Image-caption web data:
——
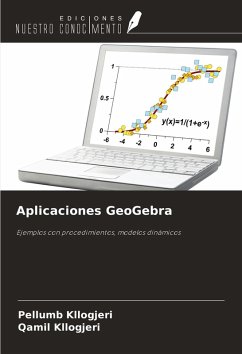 Aplicaciones GeoGebra - Kllogjeri, Pellumb; Kllogjeri, Qamil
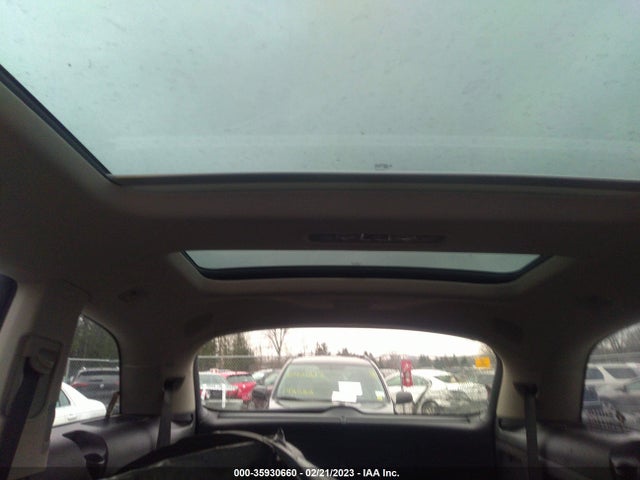 Audi Q7 2013 WA1LGAFE8DD001729 Image 9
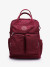 Рюкзак женский Bobo 1812 бордо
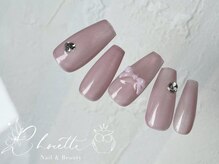 シュエット(Chouette)/ワンホン定額コース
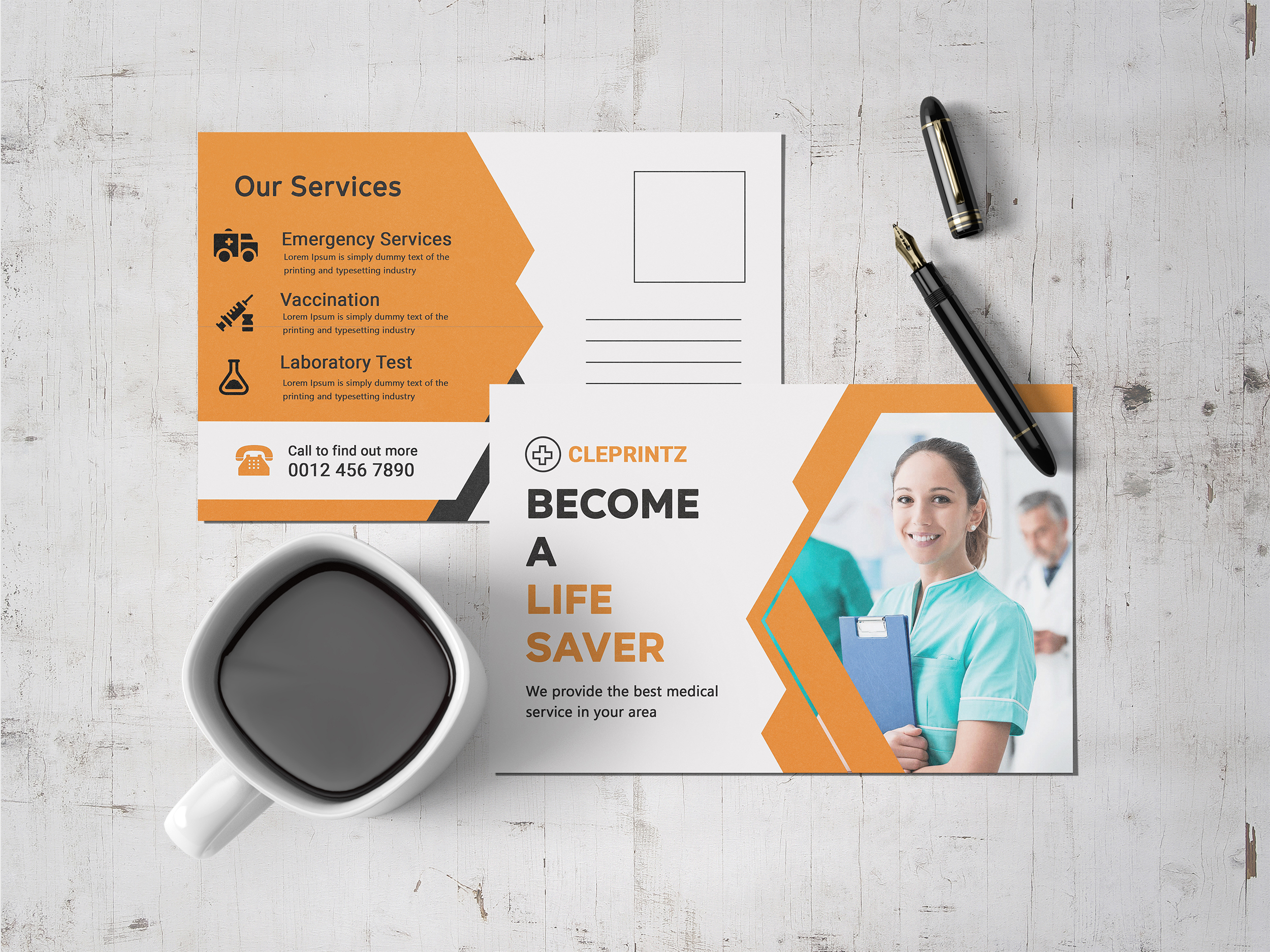 Postcard Design by Ttiw Postcard Design in Postcard design Inspiration by Ttiw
——
■ **ASSIGNED TASK**
Print, exactly and without pictures, the lines from the one holding "Audi Q7 2013 WA1LGAFE8DD001729 Image 9" through the last line of the entries above, both included.

■ **SOLVED PROBLEM**
 Audi Q7 2013 WA1LGAFE8DD001729 Image 9
 Рюкзак женский Bobo 1812 бордо
 シュエット(Chouette)/ワンホン定額コース
 Postcard Design by Ttiw Postcard Design in Postcard design Inspiration by Ttiw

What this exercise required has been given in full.